CHP grup toplantısında Çiğli Belediye Başkanı Utku Gümrükçü, bu konuda Yörük’e sert tepki gösterdiğini öğrendim. Gümrükçü’nün Yörük’e, “Başka bir partinin temsilcisi gibi konuşuyorsun” sözü grup toplantısında büyük destek görmüş!

İmar Komisyonu başkanlığı, üyeliği zor iştir. Buradaki isimler eleştirilerin hedefi olur. Yıllardır bu böyledir. Ancak küçük bir araştırmayla komisyon başkanı Yörük’ün belediye bürokrasine “teslim” olduğunu aktardılar!

Yıllar boyu eleştirdiğimiz, son bir yıldır kaybolduğunu düşündüğümüz  İzmir Büyükşehir Belediye eski Başkanı Aziz Kocaoğlu döneminde yer alan bürokrasi canavarı aylardır varlığını sürdürüyormuş da bizim haberimiz yokmuş! Çiğli olayında bu “hortlamayı” görmüş oldum.  

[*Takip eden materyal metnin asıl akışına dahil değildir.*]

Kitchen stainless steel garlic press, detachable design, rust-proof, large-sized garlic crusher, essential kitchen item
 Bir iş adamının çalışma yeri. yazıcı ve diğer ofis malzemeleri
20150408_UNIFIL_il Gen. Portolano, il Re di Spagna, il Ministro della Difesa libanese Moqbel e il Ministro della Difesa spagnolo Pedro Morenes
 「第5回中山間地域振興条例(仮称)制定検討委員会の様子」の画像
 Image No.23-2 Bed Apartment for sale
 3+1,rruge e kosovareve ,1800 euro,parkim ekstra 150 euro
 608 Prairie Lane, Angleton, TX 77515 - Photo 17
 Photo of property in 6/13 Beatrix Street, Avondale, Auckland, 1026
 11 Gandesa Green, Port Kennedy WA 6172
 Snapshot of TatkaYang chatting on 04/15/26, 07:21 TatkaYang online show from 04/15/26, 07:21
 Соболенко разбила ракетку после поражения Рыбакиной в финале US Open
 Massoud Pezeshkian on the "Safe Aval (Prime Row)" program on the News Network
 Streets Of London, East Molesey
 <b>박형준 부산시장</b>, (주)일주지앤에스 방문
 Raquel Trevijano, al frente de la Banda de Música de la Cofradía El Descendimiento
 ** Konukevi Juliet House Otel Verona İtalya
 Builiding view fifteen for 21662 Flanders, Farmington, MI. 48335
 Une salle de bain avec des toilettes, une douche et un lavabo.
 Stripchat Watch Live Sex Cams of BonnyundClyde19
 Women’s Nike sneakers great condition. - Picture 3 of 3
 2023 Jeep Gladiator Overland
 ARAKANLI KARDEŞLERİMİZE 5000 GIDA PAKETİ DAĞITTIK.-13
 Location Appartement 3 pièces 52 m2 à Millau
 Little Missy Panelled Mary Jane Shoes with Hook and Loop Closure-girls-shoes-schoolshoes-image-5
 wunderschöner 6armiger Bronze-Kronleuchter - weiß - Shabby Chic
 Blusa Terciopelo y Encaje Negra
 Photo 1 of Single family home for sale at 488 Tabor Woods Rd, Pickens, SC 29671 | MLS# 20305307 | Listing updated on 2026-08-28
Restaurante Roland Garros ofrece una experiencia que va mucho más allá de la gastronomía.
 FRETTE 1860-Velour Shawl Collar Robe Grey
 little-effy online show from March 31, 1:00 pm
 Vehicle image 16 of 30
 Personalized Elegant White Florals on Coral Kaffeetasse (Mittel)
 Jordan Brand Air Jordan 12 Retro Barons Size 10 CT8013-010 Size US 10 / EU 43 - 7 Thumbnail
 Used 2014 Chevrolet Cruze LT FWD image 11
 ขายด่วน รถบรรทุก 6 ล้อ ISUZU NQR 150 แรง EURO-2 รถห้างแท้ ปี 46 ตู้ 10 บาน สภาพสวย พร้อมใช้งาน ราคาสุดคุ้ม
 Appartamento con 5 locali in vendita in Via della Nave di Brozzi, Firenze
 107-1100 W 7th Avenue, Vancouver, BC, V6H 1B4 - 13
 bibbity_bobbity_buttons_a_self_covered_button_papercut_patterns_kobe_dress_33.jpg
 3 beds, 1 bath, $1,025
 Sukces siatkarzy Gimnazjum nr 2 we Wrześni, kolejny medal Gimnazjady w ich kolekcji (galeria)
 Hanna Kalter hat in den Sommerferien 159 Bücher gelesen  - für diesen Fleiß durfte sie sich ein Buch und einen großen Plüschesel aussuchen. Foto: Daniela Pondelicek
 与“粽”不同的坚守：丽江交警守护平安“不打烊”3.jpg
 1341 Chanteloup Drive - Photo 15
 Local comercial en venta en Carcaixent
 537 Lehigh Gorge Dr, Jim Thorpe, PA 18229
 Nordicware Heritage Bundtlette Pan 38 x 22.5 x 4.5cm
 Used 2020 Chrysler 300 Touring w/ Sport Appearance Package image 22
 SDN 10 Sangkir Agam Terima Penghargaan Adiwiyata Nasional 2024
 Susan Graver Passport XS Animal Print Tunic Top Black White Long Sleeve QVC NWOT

Bu arada komisyondan, planlamadaki bürokratlardan “yasayı yok sayan” kararlar almasını beklemiyoruz!  Ancak “katı” tavır ve davranışların kimseye yarar getirmediği de bir gerçek.  

İzmir Büyükşehir Belediye Başkanı Tunç Soyer’e burada büyük bir görev ve sorumluluk düşüyor. Tunç Başkan “Bürokrasi”ye karşı bir hamle yapması şart!  

Daha önce Ödemiş ve Selçuk Belediye Başkanları Çiğli’de yaşanan “sıkıntının” benzerini yaşamış. Bu durum da hem parti içiresinde hem de belediye başkanları arasında artık “rahatsızlık” boyutuna ulaştığını söyleyebilirim.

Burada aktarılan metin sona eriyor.